Platforms varied significantly in terms of harassment. Of all respondents who were harassed online, 77% reported that at least some of their harassment occurred on Facebook. Smaller shares experienced harassment or hate on Twitter (27%), YouTube (21%), Instagram (20%) and WhatsApp (9%).

The survey also found a dramatic increase in identity-based harassment according to respondents’ perceived reasons for harassment. Sixty-one percent of those who identified as Muslim who experienced harassment online felt it was because of their religious identity, compared to 35% last year. This was followed by Asian-Americans experiencing harassment because of their race (55% in 2020, 20% in 2018), LGBTQ+ for their sexual orientation (48% in 2020, 63% in 2018), Jews for their religious identity (43% in 2020, 35% in 2018), African Americans for their race (42% in 2020, 27% in 2018) and Hispanics or Latinos for their race (42% in 2020, 30% in 2018).

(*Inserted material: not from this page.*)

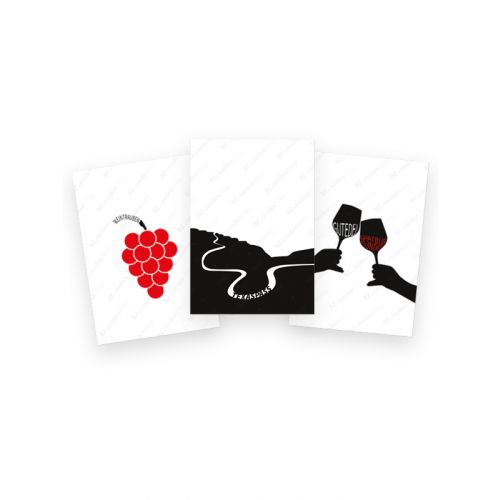 Poster 3er Pack - A4 Wein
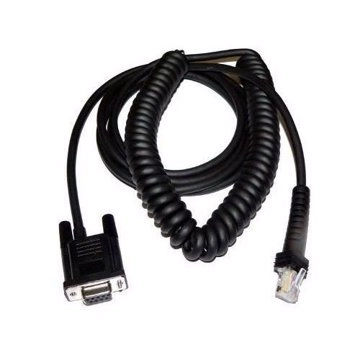 Кабель Datalogic,Cable, KBW, PS/2, PWR, Coiled  3.6 m, CAB-462, (CAB-462) - фото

Forty-four percent of Americans report having experienced some type of online hate and harassment. Most prevalent forms of harassment include being subjected to offensive name calling, experienced by 37% of Americans and being subjected to purposeful attempts at embarrassment, which was experienced by 28% of respondents. Overall, respondents reported less hate in 2020 than in 2018, but nonetheless this still represents alarmingly high rates of online hate.

Women also experienced harassment disproportionately, with gender-identity harassment affecting 37% of women respondents, up from 24% in 2018. In contrast, just 12% of men reported gender-based harassment.

Due to respondents’ experiences with online hate and harassment, 36% stopped, reduced or changed online activities, while 18% tried to contact the platform directly, 10% took steps to reduce risk to their physical safety, and 5% contacted the police to ask for help or report online hate or harassment.